Le Mexique est un autre exemple où le gouvernement n’est pas cohérent. Son président, Andrés Manuel Lopez Obrador, un héros de la gauche, a augmenté les impôts pour les riches et fustigé le néolibéralisme. Mais le voici maintenant obsédé par les succès de Pemex, le géant pétrolier, pièce centrale d’un plan de relance économique pour une région appauvrie de son pays (le Tabasco). Avez-vous entendu le début d’un reproche d’Ottawa pour ce mise-tout sur un secteur polluant ?

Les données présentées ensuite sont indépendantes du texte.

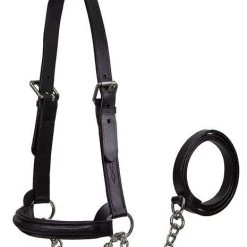 Derby Originals Premium Raised Padded Fancy Stitch Leather Cattle Show Halter & Chain Lead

La présence du Canada dans le G7 lui offre un perchoir privilégié pour participer à un dialogue avec ses pairs. Notre réputation dans le milieu diplomatique – bâtie au fil du travail acharné de fonctionnaires et de politiciens depuis plus de 50 ans – est celle d’un pays à la recherche des solutions constructives et respectueuses. Si l’aide internationale vous intéresse, sachez que j’en suis ravi –, mais ne perdez pas de vue la forêt en regardant les arbres.

Vous me permettrez une incursion dans le monde du hockey. Notre diplomate en chef devrait avoir le profil pour gagner le trophée Lady Bing. Mme Freeland épouse malheureusement le modèle Brad Marchand – le papier sablé avant le papier de soie. Et, ce faisant, elle attire les regards et les louanges des disciples de la méthode dure, mais elle n’aide aucunement le pays qu’elle s’est engagée à servir.

* Banquier, Michael M. Fortier a été ministre dans le gouvernement de Stephen Harper.